Responding on the Feb. 2019 deflation which was 0.08 percent on monthly basis and 2.57 percent y-o-y, he assumed those are was predicted and described the commodity prices in control. Furthermore, BI will coordinate with region and central government to maintain the commodity prices.
While comment on Rupiah, Warjiyo rated is still undervalued and that should be stronger than the current price which was in Rp 14.060 against US dollar. He assumed by the inflow of foreign capital, increasing of economic growth, low inflation, more dovish of the Fed Fund Rate, the swap mechanism and domestic non deliverable forward could strengthen the Rupiah.
The local currency in the 4Q of 2018, on a point to point basis, rose by 3.63 percent compared to the final level of the third quarter of 2018, supported by the balance of payments which recorded a surplus. The strengthening of the Rupiah continued in January which reached 2.92 percent and continued to occur in February.
In the last meeting, BI’ Governor Board decided to maintain a BI 7 day Reverse Repo (7-DRR) rate at 6 percent, a Deposit Facility interest rate of 5.25 percent, and a Lending Facility interest rate of 6.75 percent.
Warjiyo said, the decision is consistent with efforts to strengthen external stability, particularly to control the CAD within a safe limit and maintain the attractiveness of domestic financial assets. The Bank also continues to pursue a monetary operations strategy to increase the availability of liquidity in driving bank financing.
Furthermore, he revealed, the decision was made in regarding to global and domestic conditions. He considered, world economic tends to be slowed, caused by reduced uncertainty in the global financial market. As an example, he said, Untied States (US) economic growth slowed due to the limited fiscal stimulus, structural problems of the workforce, and the decline in business confidence.

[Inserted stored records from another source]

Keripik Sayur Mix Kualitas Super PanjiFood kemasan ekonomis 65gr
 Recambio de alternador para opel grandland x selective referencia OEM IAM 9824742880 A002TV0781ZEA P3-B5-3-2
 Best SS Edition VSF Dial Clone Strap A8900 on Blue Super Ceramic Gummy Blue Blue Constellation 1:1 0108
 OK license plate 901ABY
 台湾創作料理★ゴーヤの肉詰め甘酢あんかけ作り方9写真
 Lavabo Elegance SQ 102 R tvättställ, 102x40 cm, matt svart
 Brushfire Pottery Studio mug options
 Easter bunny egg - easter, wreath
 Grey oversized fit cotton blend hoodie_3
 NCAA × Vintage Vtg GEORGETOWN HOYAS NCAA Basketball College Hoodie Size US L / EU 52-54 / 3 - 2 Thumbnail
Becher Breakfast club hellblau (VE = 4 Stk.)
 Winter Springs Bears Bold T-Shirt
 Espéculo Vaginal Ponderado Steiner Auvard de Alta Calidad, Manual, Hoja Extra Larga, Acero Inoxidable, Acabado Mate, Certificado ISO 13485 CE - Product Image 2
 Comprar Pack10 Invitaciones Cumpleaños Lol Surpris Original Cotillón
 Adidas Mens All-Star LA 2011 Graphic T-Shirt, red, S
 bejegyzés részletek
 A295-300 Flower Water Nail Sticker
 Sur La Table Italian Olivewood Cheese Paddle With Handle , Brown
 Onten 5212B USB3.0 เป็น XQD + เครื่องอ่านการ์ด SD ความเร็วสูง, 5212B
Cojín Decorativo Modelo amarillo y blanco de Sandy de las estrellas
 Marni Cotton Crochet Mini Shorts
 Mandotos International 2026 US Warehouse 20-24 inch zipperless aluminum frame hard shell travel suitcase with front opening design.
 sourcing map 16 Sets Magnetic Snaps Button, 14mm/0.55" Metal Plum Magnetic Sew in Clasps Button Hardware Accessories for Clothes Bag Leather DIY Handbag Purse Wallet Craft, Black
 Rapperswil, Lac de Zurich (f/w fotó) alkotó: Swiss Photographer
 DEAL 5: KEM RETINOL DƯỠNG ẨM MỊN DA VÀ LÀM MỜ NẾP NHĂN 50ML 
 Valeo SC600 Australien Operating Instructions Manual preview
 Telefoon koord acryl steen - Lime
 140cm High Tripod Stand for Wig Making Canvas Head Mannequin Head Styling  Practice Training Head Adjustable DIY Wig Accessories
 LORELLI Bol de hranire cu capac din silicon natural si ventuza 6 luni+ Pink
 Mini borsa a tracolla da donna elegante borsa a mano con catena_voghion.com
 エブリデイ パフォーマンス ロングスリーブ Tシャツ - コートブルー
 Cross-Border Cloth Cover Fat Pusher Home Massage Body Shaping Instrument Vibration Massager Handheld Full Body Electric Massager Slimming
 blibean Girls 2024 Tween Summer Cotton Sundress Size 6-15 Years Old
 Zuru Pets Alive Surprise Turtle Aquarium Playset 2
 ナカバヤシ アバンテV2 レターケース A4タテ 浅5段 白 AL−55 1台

The increase in the Federal Reserves Fund Rate (FFR) interest rate is expected to be lower and the reduction in the central bank balance sheet becomes smaller than planned. Global economic and financial developments on the one hand provide challenges in encouraging exports, but on the other hand increase the inflow of foreign capital to developing countries, including Indonesia.